EXERCISE INSTRUCTIONS: Once the line with "Carte topographique Paris, altitude, relief" is found in the data, output it and each following line exactly, up to and including the line with "지나시스 JEANASIS 핑크 베이지 코트", and nothing before or after.

STUDY MATERIAL:
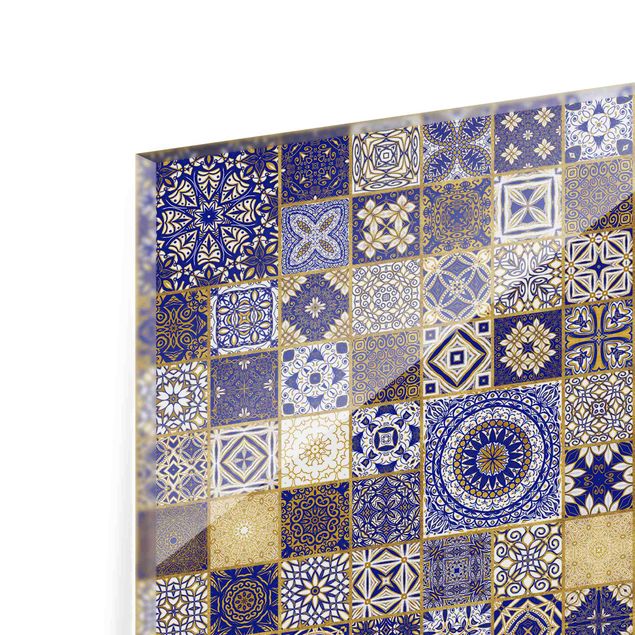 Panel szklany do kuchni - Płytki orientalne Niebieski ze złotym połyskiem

---

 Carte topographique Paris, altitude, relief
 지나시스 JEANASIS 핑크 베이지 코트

...

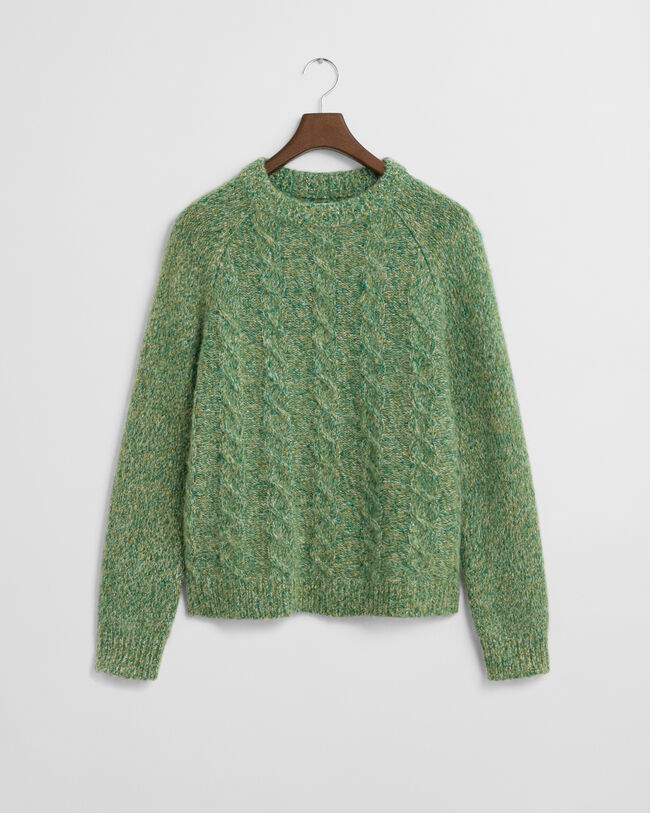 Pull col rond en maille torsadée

YOUR RESPONSE:
 Carte topographique Paris, altitude, relief
 지나시스 JEANASIS 핑크 베이지 코트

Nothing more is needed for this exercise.